Source data »
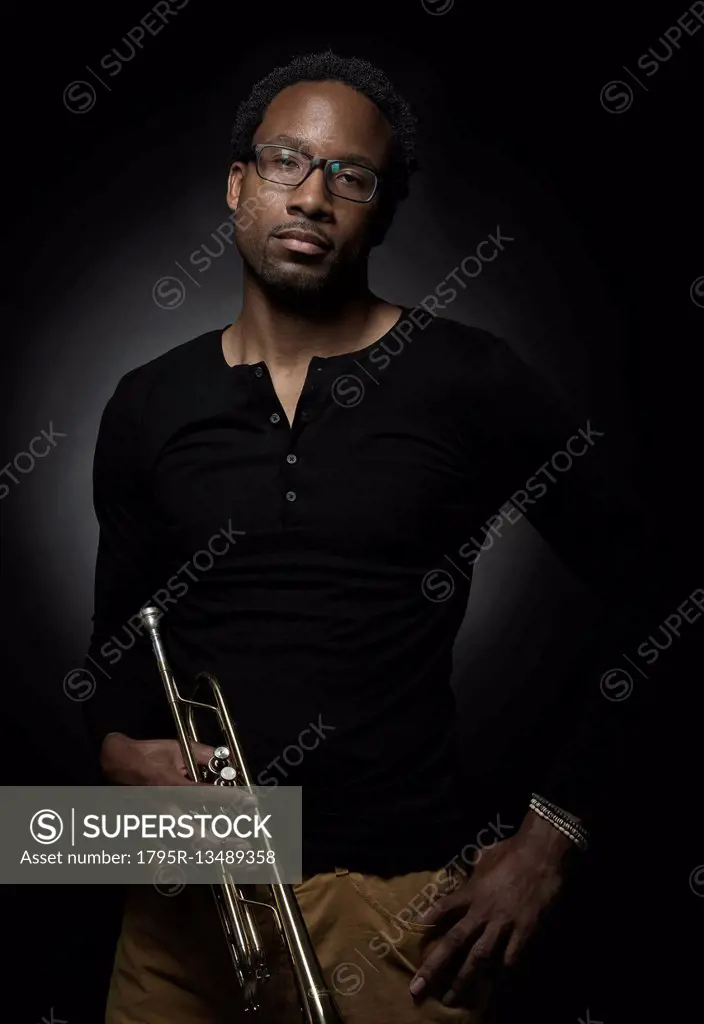 Studio portrait of mid adult man holding trumpet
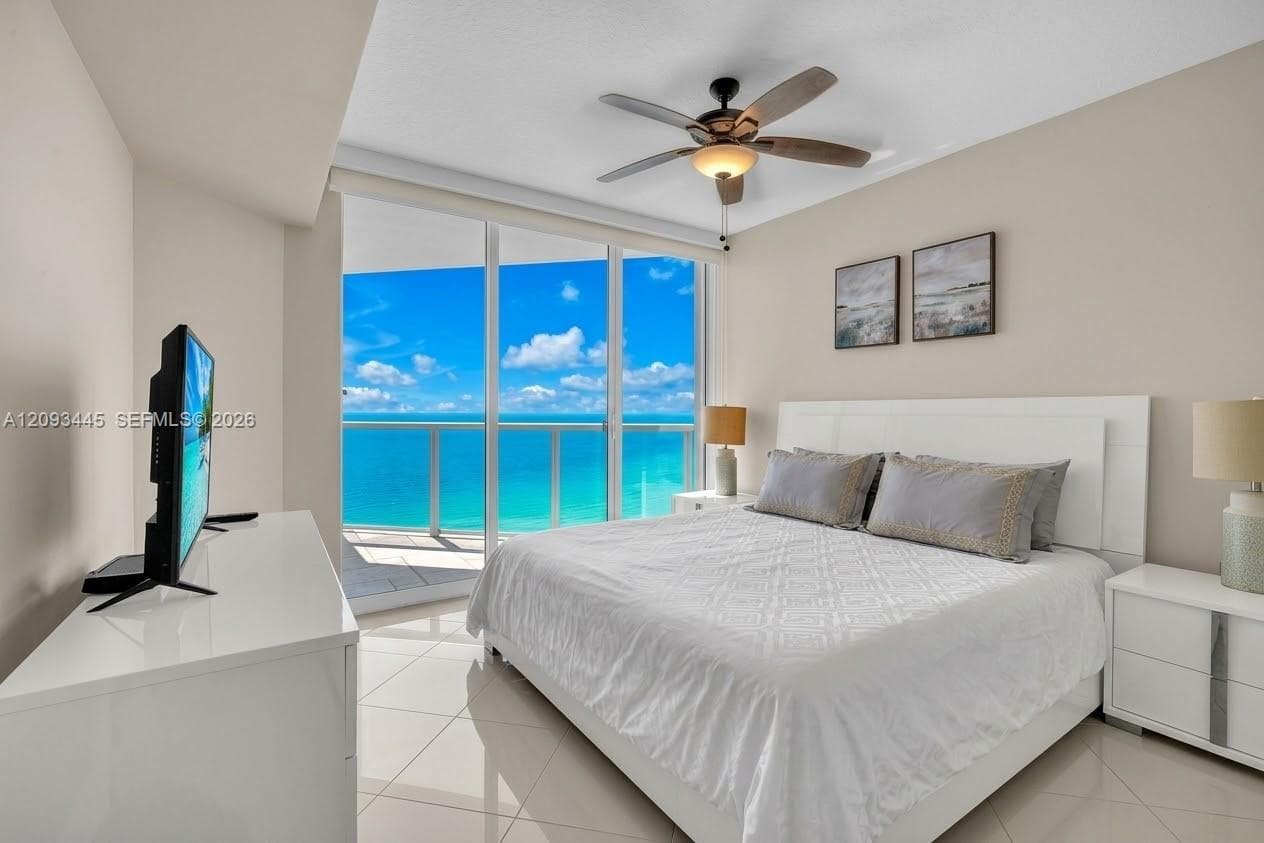 Floor-to-ceiling glass doors, private balcony, tile flooring, and a ceiling fan with integrated lighting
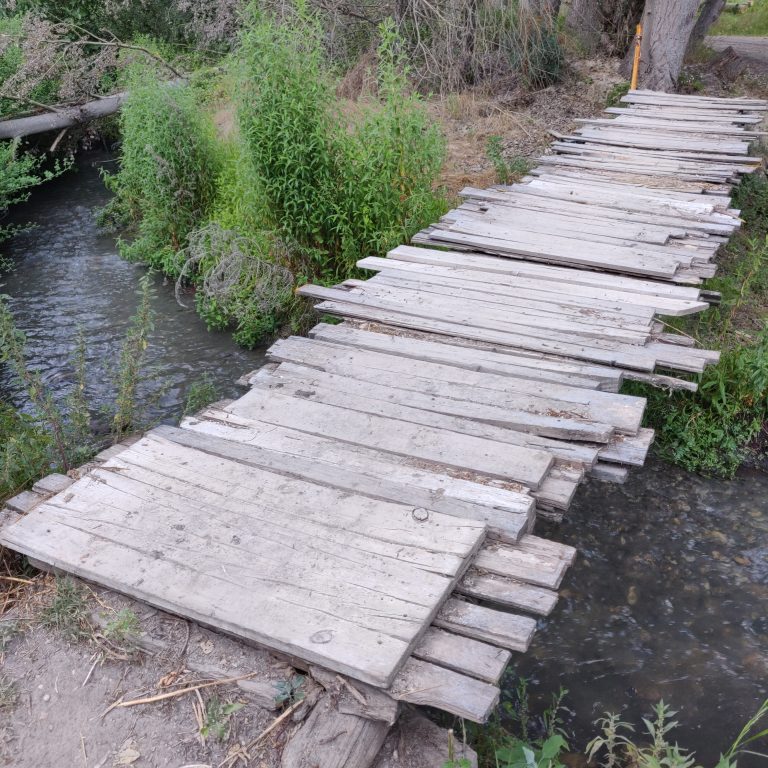 Wooden bridge over a small river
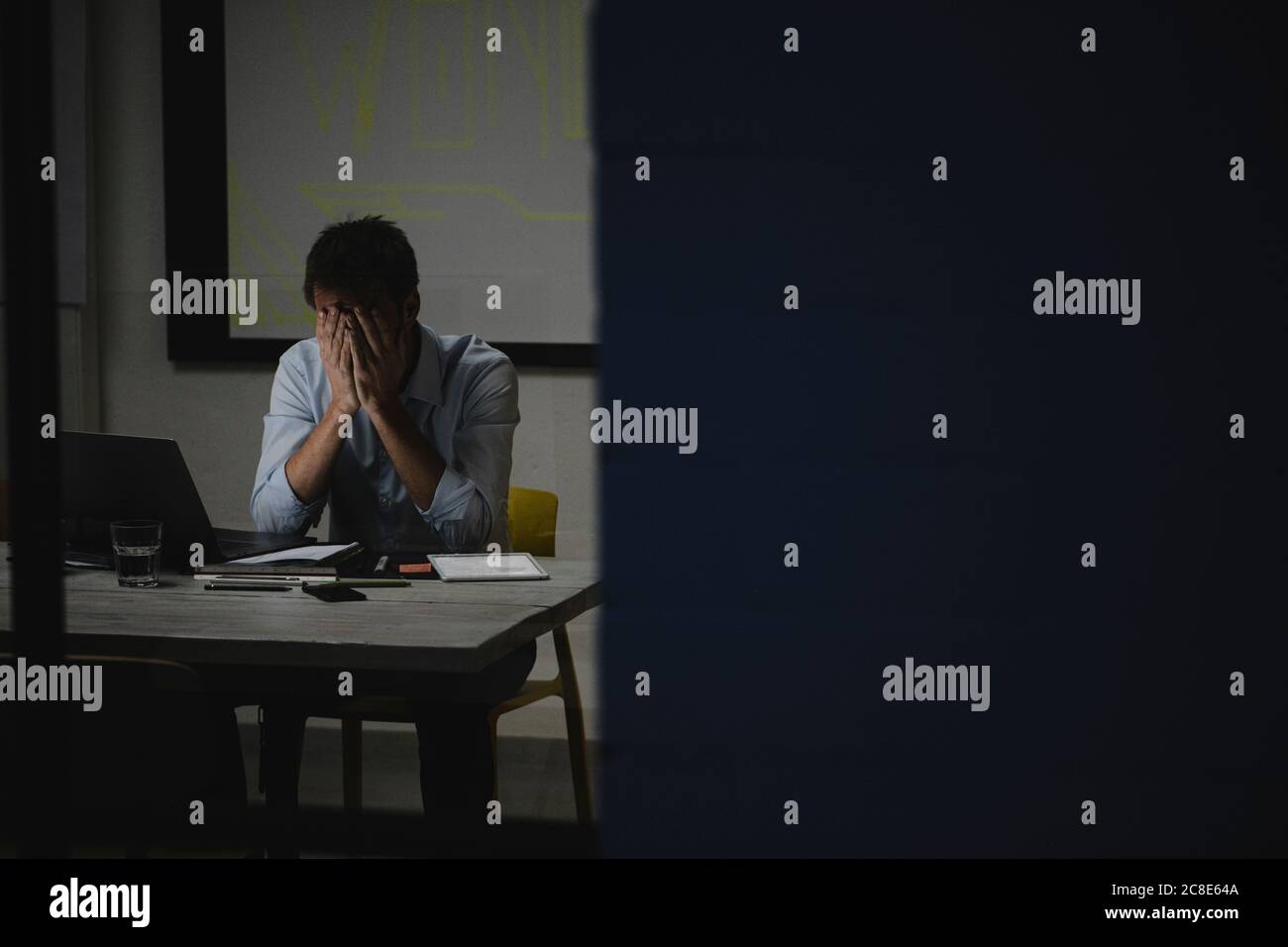 Uomo d'affari esausto che copre la faccia, seduto in ufficio, lavorando tardi Foto Stock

Exercise » The line containing "Wooden bridge over a small river" and each line after it through the end of the listing above are to be written out exactly, without the pictures.

Task result »
 Wooden bridge over a small river
 Uomo d'affari esausto che copre la faccia, seduto in ufficio, lavorando tardi Foto Stock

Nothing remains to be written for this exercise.